Records drawn from a dataset
▼▼▼

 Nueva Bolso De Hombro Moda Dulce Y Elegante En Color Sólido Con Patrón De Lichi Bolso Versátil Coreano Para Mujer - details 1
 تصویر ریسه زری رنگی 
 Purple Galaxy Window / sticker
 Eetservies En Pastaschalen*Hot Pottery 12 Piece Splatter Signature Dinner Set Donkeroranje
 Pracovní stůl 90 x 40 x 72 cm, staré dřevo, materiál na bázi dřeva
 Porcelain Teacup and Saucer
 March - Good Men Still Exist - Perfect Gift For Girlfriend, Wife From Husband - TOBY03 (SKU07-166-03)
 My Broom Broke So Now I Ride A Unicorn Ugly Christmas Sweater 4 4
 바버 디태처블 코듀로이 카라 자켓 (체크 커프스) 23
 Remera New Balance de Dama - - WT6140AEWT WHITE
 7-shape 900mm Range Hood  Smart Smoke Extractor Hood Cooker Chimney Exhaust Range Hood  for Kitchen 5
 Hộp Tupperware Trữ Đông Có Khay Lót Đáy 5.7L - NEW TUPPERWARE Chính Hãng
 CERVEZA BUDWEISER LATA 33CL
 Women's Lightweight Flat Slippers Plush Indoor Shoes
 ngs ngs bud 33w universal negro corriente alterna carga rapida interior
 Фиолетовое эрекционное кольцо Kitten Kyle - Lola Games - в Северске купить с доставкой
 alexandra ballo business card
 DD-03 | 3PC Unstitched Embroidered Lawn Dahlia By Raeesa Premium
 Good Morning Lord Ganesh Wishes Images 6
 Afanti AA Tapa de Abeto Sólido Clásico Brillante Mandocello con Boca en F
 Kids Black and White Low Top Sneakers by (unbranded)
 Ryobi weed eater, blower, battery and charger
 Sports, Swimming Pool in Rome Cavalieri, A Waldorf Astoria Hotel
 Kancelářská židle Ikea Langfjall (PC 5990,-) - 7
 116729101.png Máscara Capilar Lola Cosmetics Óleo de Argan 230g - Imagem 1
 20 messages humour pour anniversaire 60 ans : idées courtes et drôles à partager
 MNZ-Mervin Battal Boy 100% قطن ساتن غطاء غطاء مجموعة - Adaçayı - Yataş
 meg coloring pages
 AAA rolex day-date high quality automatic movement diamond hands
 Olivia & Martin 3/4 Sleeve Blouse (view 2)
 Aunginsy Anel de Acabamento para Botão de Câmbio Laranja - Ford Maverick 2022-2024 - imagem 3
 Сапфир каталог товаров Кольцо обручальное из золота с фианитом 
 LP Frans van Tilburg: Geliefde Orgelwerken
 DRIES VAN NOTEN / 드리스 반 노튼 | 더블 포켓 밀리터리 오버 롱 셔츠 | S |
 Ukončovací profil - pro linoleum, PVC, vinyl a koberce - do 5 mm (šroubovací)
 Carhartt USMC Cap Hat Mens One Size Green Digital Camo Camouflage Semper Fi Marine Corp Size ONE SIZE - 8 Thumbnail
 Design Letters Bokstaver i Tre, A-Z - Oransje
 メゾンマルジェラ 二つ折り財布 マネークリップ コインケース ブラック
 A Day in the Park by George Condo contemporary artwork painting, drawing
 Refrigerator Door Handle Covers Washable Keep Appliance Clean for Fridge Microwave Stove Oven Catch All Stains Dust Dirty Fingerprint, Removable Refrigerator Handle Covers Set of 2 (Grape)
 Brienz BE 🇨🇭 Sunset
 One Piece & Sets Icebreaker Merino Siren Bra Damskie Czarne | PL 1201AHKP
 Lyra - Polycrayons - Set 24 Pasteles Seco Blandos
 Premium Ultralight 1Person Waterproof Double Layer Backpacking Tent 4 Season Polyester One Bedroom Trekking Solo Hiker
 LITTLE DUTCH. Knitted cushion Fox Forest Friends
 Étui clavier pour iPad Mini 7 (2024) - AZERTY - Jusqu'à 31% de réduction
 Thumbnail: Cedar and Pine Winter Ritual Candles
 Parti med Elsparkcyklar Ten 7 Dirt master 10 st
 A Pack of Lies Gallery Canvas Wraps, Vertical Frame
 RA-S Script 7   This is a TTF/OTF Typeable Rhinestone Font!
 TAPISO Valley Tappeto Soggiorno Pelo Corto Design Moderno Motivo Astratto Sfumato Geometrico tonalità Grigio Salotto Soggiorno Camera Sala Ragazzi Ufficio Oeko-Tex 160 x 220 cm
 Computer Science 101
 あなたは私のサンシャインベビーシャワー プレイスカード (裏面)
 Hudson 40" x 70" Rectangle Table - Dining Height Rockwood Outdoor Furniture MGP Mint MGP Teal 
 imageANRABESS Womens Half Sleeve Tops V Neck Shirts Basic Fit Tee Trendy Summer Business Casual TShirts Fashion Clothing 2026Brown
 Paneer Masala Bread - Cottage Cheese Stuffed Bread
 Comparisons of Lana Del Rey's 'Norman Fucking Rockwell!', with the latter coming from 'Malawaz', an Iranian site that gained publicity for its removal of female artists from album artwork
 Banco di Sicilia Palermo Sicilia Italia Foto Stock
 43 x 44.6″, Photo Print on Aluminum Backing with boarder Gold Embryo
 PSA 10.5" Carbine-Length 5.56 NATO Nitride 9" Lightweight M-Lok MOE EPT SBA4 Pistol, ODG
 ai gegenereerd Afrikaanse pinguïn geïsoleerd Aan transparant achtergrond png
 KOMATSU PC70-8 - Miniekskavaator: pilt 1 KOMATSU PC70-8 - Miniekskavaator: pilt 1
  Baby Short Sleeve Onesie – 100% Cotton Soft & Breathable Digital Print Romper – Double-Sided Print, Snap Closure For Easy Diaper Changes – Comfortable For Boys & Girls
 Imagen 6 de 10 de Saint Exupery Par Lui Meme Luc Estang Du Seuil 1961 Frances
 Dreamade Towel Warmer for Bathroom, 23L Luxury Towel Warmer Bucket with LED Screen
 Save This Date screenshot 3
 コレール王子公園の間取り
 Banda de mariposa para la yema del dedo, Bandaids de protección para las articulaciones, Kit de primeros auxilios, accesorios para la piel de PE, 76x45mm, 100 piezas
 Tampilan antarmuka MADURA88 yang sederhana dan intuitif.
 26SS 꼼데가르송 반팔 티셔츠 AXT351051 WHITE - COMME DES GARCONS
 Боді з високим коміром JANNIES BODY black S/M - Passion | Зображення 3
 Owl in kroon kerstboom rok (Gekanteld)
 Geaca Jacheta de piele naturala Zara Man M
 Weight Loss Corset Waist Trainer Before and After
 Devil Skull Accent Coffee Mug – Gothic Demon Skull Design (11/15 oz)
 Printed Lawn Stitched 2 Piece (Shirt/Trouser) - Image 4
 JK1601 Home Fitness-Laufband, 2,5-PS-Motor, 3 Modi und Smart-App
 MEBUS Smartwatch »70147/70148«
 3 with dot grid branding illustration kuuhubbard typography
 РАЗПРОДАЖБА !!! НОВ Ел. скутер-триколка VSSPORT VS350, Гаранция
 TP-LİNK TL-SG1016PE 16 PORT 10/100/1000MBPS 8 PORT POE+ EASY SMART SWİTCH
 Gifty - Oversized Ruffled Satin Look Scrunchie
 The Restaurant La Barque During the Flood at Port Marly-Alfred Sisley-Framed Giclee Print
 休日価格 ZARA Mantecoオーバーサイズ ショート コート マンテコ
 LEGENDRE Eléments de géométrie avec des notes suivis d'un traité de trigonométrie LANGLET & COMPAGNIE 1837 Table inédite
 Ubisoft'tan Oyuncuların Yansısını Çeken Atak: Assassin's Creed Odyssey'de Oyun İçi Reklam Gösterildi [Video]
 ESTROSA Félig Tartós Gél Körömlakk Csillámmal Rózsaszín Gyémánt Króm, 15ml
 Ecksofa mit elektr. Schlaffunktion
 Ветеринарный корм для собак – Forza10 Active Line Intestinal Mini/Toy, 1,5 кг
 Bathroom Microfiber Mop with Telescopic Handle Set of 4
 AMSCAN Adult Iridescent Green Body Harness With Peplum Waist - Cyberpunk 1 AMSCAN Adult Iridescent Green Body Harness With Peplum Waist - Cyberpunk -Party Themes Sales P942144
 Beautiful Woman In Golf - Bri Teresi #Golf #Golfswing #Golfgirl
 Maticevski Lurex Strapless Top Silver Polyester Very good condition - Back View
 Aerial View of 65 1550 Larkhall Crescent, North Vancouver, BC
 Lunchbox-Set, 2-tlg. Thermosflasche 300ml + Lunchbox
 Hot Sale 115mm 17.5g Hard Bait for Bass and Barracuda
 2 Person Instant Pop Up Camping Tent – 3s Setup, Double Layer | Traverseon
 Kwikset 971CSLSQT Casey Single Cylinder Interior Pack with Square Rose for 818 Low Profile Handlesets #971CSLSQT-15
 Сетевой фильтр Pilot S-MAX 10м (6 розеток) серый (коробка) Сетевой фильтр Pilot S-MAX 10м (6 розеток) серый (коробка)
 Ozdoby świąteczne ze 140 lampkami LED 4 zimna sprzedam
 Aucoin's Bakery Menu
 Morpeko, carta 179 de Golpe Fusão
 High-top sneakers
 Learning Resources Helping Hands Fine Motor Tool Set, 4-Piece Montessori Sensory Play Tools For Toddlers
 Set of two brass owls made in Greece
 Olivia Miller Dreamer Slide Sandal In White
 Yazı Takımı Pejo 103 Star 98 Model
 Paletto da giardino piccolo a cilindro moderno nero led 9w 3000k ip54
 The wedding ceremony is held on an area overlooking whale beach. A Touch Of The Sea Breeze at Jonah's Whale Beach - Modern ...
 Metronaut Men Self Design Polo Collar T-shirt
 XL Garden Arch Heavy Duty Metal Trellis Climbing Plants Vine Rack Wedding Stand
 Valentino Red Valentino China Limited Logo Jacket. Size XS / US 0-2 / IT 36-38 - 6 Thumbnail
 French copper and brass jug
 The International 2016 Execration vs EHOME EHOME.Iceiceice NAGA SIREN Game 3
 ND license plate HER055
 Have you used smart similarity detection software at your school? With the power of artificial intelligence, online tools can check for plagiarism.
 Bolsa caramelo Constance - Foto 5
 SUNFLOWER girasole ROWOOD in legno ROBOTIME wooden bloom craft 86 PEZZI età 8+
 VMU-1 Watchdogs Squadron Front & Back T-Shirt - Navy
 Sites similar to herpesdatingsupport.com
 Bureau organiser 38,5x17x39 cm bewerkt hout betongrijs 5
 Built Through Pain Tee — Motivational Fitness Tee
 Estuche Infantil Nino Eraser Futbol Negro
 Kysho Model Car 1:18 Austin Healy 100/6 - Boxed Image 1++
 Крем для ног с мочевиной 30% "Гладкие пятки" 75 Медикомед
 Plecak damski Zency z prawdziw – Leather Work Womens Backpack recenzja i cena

▲▲▲

# [Work item]
Each line above that contains the word "Model" should be copied.

# [Task solution]
 Yazı Takımı Pejo 103 Star 98 Model
 Kysho Model Car 1:18 Austin Healy 100/6 - Boxed Image 1++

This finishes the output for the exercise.